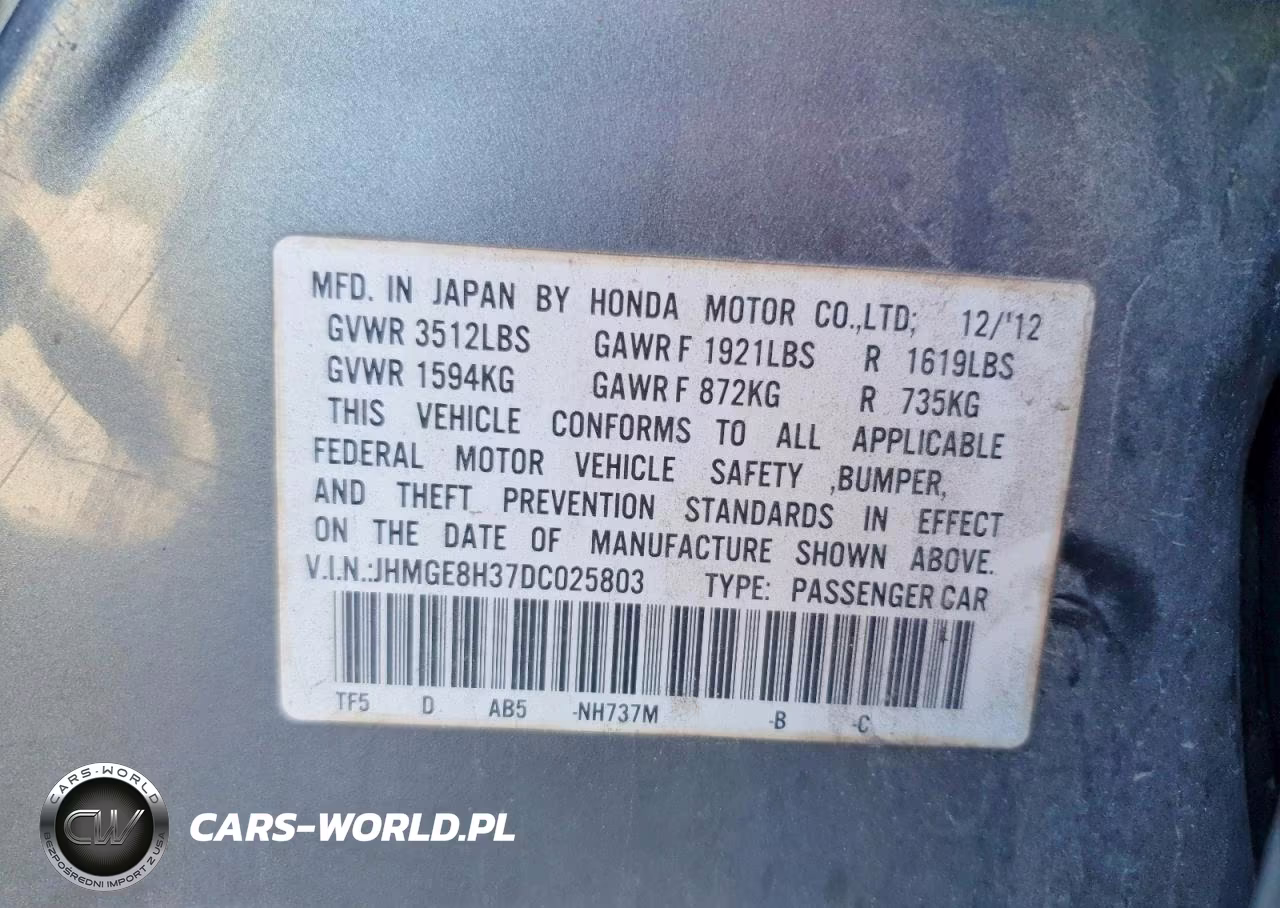 2013 Honda Fit VIN:JHMGE8H37DC025803 - 12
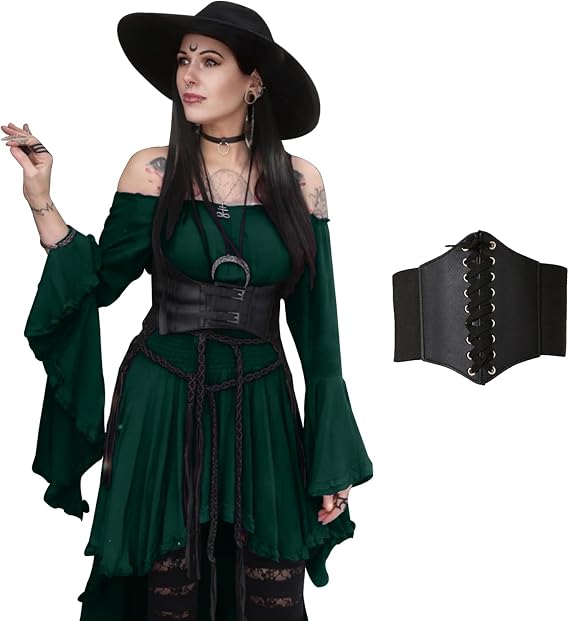 BITSEACOCO Women's Off Shoulder Gothic Witch High Low Dress Victorian Medieval Fairy Dresses Cosplay Halloween Costumes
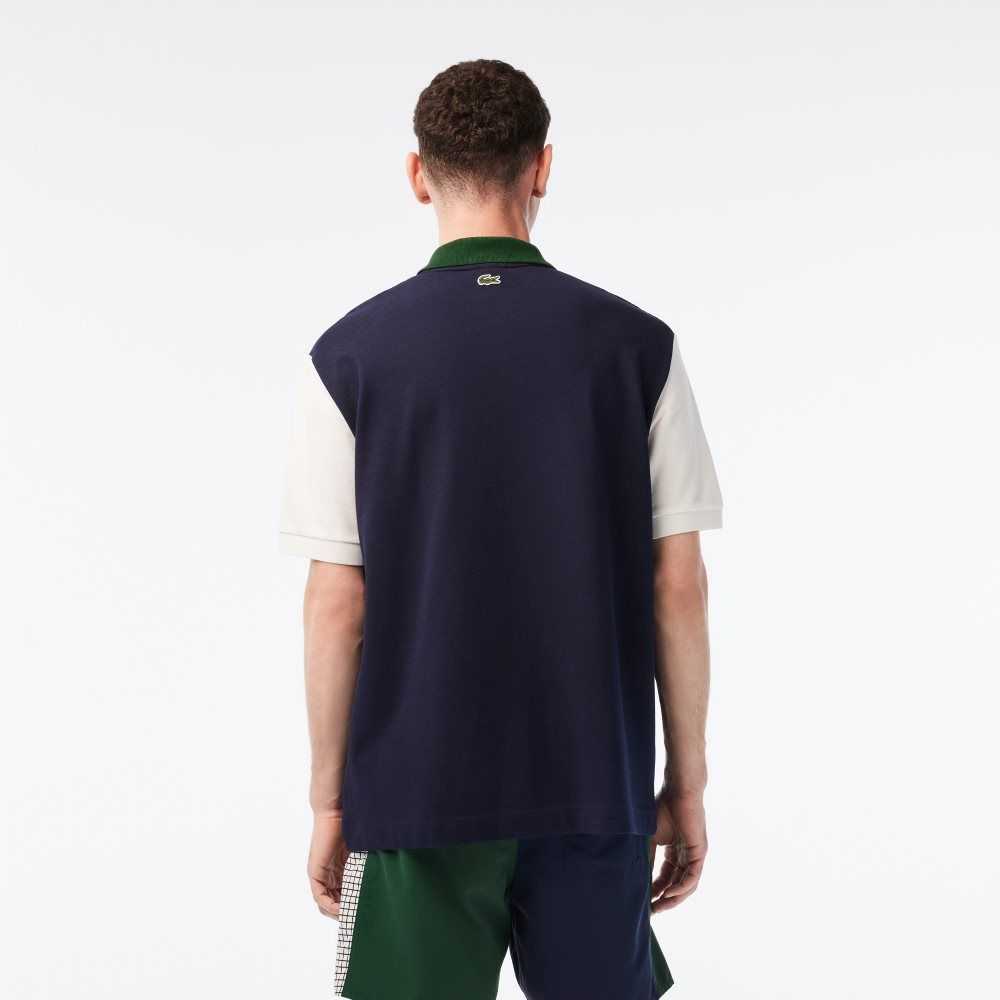 Lacoste Loose Fit Organic Cotton Polo Navy Blue / White / Green | ZWYA-18962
* * *
## GOAL OF THE EXERCISE
Take the lines from the one containing "BITSEACOCO Women's Off" through the last line of the listing and repeat them exactly. Omit the pictures.

## RESULT BELOW
 BITSEACOCO Women's Off Shoulder Gothic Witch High Low Dress Victorian Medieval Fairy Dresses Cosplay Halloween Costumes
 Lacoste Loose Fit Organic Cotton Polo Navy Blue / White / Green | ZWYA-18962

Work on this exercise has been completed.